In September 2009, there was chaos on 4th Street after a man armed with an AK-47 shot two Columbus officers and opened fire on cruisers. Retired SWAT officer Jim Scanlon is convinced the armored vehicle saved officers' lives that day, but he says he understands public perception.
"When you see a bunch of officers walking down the street with an armored vehicle, it looks like, ‘what are you trying to play, Army?’” Scanlon says.
In April 2009, another man armed with an AK-47 attempted to kill a driver and passenger in a police armored vehicle. The windshield stopped the bullets, but three other officers were killed.

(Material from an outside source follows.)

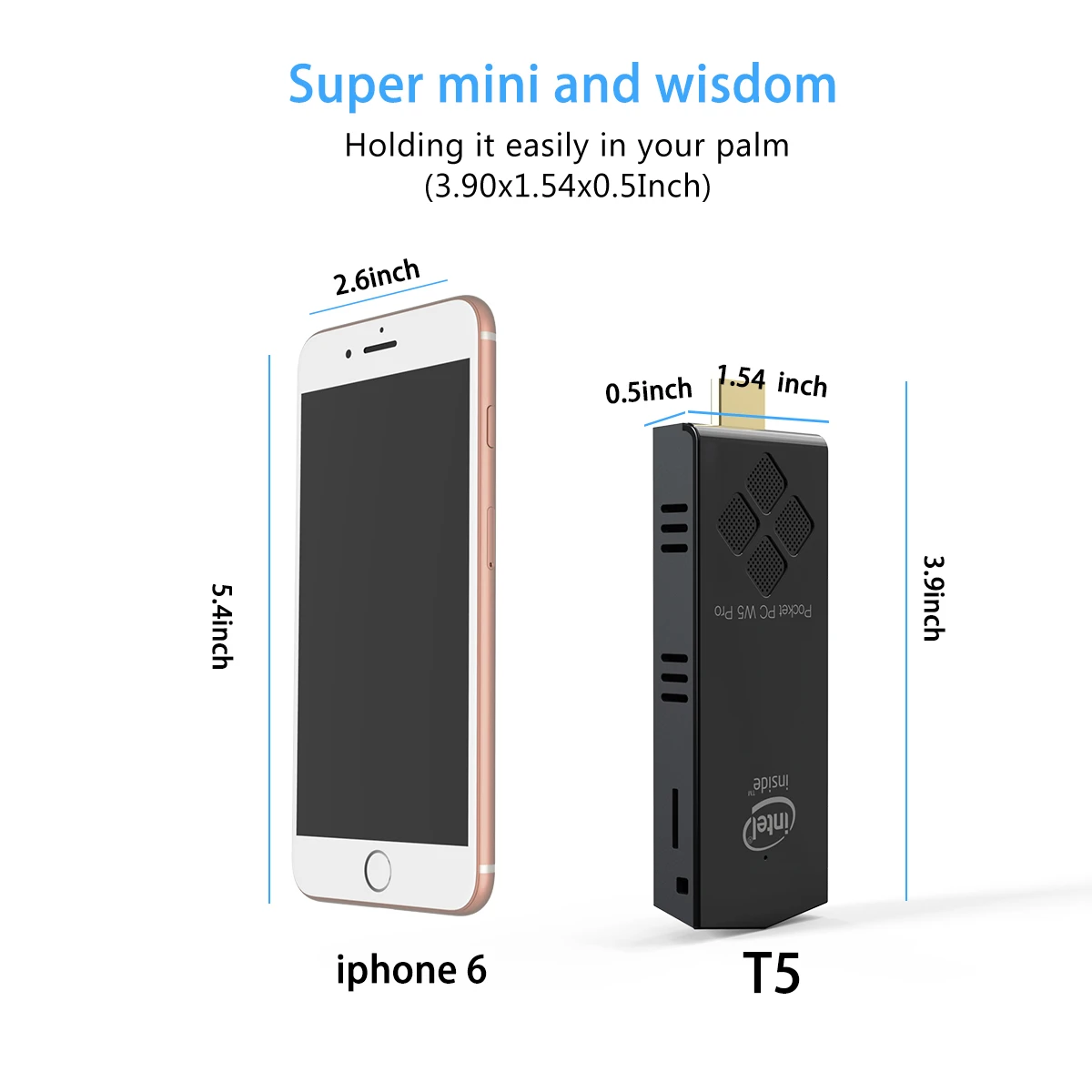 Originale T5B Quad Core Intel Z8350 Mini Pc Computer Windows 10 Dual Band 2.4G e 5.8G Wifi 4GB/8GB Ram 64GB/128GB Win 10 Stick PC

In the aftermath of police response to the massive protests in Ferguson, Missouri, the White House says it is reviewing programs that allow local police departments to use military gear from the Pentagon.
Scanlon, who now teaches tactical training to law enforcement officers across the country, argues police use military equipment only as a defense. “A tank is used in the military. It's an offensive tool. It lobs mortars and large shells. When we used armored vehicles, it's strictly to stop bullets.”

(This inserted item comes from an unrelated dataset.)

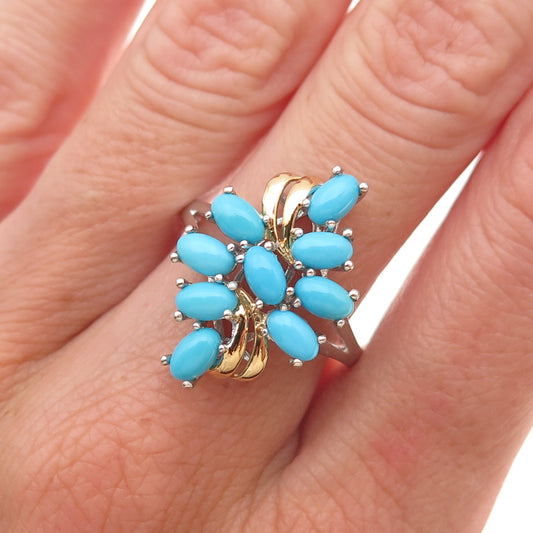 Chuck Clemency 925 Sterling 2-Tone Real Sleeping Beauty Turquoise Ring Size 8.25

Scanlon adds there are powerful weapons on the street can penetrate any bullet proof vest and says while ballistic helmets may make officers look like soldiers, they do save lives. For example, in 1995, a Columbus SWAT officer was shot in the head, but his helmet stopped the bullet.
Ohio State University came under criticism last year when it acquired an M-RAP (Mine-Resistant Ambush Protected vehicle) along with agencies in five central Ohio counties including Delaware, Fairfield, Licking, and Pickaway.
However, Scanlon argues in an age when law enforcement is tasked with hostage barricades, active shooters, and homeland security, the militarization of law enforcement is as necessary as it is unpopular.